China, Charter 08, and 2009
Making predictions about the oncoming year is second only to making crappy best-in-year lists when it comes to New Years blogging activities. With the economy the way it is, predictions about China’s 2009 are generally downbeat, and range from predicted economic dissatisfaction to complete overthrow of the government.
Or particular interest is this article, regarding Charter 08 (a topic that got this website blocked in China once already and may yet do so again). Daniel Drezner (a Tufts professor) discusses the document (and the official response to it) and then poses this question to readers:
Is 2009 the year that China’s government collapses? Or is it just another year in which there will be a crackdown of a mass uprising? Because those may be the only two options.

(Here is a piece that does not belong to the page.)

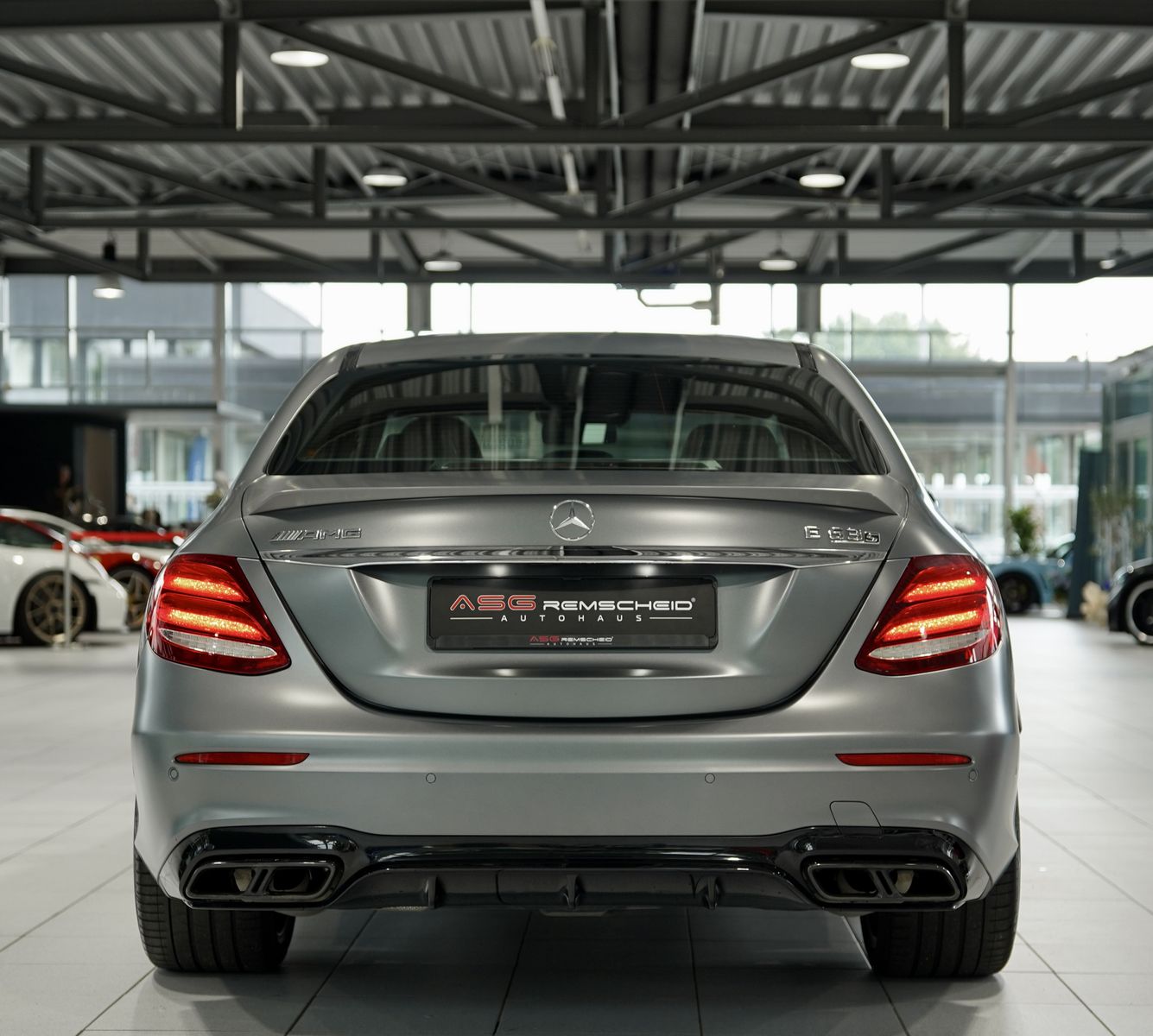 Mercedes Benz E 63 Amg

Personally, I tend to agree with this response. The age of “Mass Incidents” on the scale of Tiananmen 1989 is over, I think. Although protests occur every day in China, as the above blog points out, most of those protests are over local issues, and often they appeal to the national government for help.
Furthermore, the impact of Charter 08 within China, as far as I can tell, would be difficult to understate. I haven’t heard anyone talk about it; when I mentioned it to some friends they hadn’t heard of it, but brushed it off as the sort of thing that happens frequently and means essentially nothing. Mutant Palm’s blogger wrote “Charter ‘08 arguably has had a more significant impact on readers of the New York Review of Books than it has on China,” and I suspect he’s right.

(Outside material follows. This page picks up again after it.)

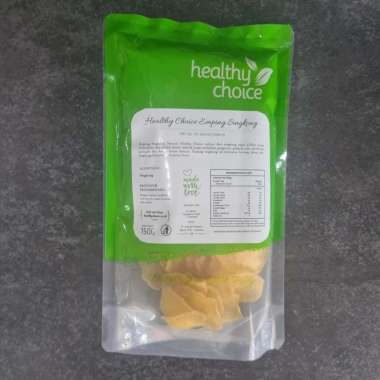 Healthy Choice Emping Singkong 150g ( Kerupuk Keripik Singkong )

In short, I don’t see the government being overthrown OR cracking down on a “mass incident” like Tiananmen. While it is an interesting year for anniversaries (the 20th anniversary of Tiananmen, the 30th anniversary of Deng Xiaoping’s economic reforms, the 50th anniversary of the Tibetan Uprising, and the 60th anniversary of the founding of the PRC), I think we’ll see a bunch of parades, and not much else. Here’s something I wrote for a paper at Brown about a year ago; interestingly I think it’s fairly apt here:
Although one can never rule out the possibility of a an uprising—after all, few predicted the students in 1989 would take such dramatic action—it seems likely that for the foreseeable future, China is in an age of bottom-up transformation, where social change is affected through the effective resolution of specific local or individual issues rather than by making broad appeals to implement policies uniformly across the vast nation. This shift in focus in undoubtedly part of Tiananmen’s legacy, and it remains to be seen whether the deaths of students and workers may have paved the way for a more effective mode of changing China. The current regime has made it clear that they consider popular nationalist collectivist approaches a threat to their own sovereignty and national stability. Whether the smaller local protest movements that occur in the thousands every year in China will succeed in affecting lasting change remains to be seen.